Бесчеловечность и человек. Наталья Волкова

Страница для печатиОтправить по почтеPDF версия

«Когда человек постригается в монахи, он трижды должен поднять с пола ножницы, которые нарочно роняет постригающий. Это как напоминание: “Одумайся, пока ты не вычеркнут из числа живых!” Нечто подобное имело место со мной в тот памятный день — пятницу 13 июня 1941 года. Последний день моей “мирской” жизни…» — так описывает начало своей ссылки в Сибирь Евфросиния Антоновна Керсновская, автор книги воспоминаний «Сколько стоит человек».

Познакомиться с книгой нужно и важно — для того, чтобы лучше знать историю своей страны, и для того, чтобы понять, до каких высот духа может подняться человек. Женщина, прошедшая через ад: через потерю домашнего очага, через высылку из родного края, сибирские лагеря и тюрьмы, тяжелый труд на шахте. Все это происходило совсем недавно, каких-то шестьдесят лет назад. В стране, которая сейчас называется Российская Федерация, а тогда была частью Союза Советских Социалистических Республик.

Воспоминания Евфросинии Керсновской — это 12 общих тетрадей и 703 цветных рисунка. В полном объеме труд этот увидел свет в 2006 году. Недавно был опубликован двухтомник «Правда как свет: Иллюстрированные воспоминания о сороковых-пятидесятых» — альбомный вариант произведения (рисунок плюс подпись). Полная электронная версия воспоминаний с рисунками выложена на портале «Е. Керсновская. Сколько стоит человек».

Барышня-крестьянка

Евфросиния Керсновская родилась в Одессе в 1908 году (по старому стилю — в конце 1907‑го). Ее отец был юристом, а мать — преподавательницей иностранных языков. После революции 1917 года семье пришлось спешно покинуть Россию и укрыться в Бессарабии, которая была тогда частью Румынии, в селе под названием Цепилово неподалеку от города Сороки, где у Керсновских было родовое имение и небольшое хозяйство. Фрося взвалила его на свои плечи: несмотря на то, что она была дворянкой, знала девять языков и у нее была возможность учиться в Париже (как поступил старший брат Евфросинии Антоновны, который погиб в 1944 году во Франции, воюя против немцев), больше всего ей нравилось заниматься сельским хозяйством.

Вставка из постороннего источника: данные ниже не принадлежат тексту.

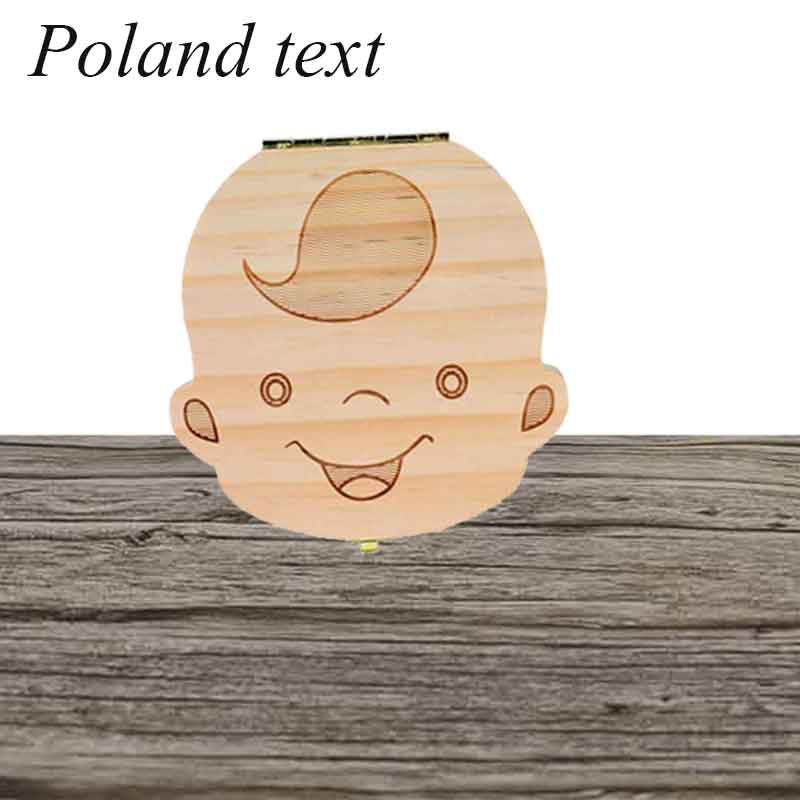 Caja de dientes de madera organizadora para guardar dientes de leche, Polonia/Inglés,: Poland boy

И, конечно, она должна была заботиться о своих пожилых родителях.

У Керсновских не было богатства, но всегда была уверенность в том, что они проживут своим трудом. Евфросиния Антоновна стала успешным хозяином — разводила свиней и овец, сеяла рожь, ячмень и кукурузу, обрабатывала виноградник. В некоторых нынешних публикациях ее называют фермером. Что ж, действительно так. Фермер, барышня-крестьянка, влюбленная в землю.

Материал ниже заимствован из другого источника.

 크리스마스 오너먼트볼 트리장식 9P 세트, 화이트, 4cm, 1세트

В 1940 году Бессарабия, как чуть ранее и Прибалтийские страны, стала частью СССР. В Цепилово начались неизбежные репрессии, пик которых только что пережила Центральная Россия. «Я была настроена оптимистично: не поступай плохо — никто тебя не обидит», — вспоминает Евфросиния Антоновна. Она приветствовала советский строй, ей казалось, что советские танки привезли на родную землю свободу. Это было совсем не так, но Фрося поняла это не сразу: «Я вела себя, как страус. Только вместо песка прятала голову в работу».

Не потерять достоинство

Голову из песка пришлось вынуть, когда Евфросинию Антоновну вместе с матерью вышвырнули из родного дома, простоволосых и босых. В одночасье. Как кулаков и мироедов, хотя молодая хозяйка имения всегда работала наравне со своими батраками, а платы работникам никогда не жалела.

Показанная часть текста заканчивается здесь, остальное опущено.